§ **RECORDS TO USE**:
——————

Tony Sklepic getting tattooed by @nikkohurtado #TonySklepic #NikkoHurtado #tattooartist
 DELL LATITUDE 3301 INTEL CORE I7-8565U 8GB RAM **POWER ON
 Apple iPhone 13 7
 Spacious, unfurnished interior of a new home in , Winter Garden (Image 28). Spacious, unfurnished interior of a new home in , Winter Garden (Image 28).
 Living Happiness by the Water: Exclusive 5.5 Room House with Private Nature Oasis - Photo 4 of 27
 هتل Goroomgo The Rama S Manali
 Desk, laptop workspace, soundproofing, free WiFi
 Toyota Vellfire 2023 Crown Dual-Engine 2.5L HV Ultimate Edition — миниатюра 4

——————

§ **PROBLEM**: Once you find the line containing "Apple iPhone 13 7", copy it and every line after it through the end of the records, exactly as they stand.

§ **TASK OUTPUT**:
 Apple iPhone 13 7
 Spacious, unfurnished interior of a new home in , Winter Garden (Image 28). Spacious, unfurnished interior of a new home in , Winter Garden (Image 28).
 Living Happiness by the Water: Exclusive 5.5 Room House with Private Nature Oasis - Photo 4 of 27
 هتل Goroomgo The Rama S Manali
 Desk, laptop workspace, soundproofing, free WiFi
 Toyota Vellfire 2023 Crown Dual-Engine 2.5L HV Ultimate Edition — миниатюра 4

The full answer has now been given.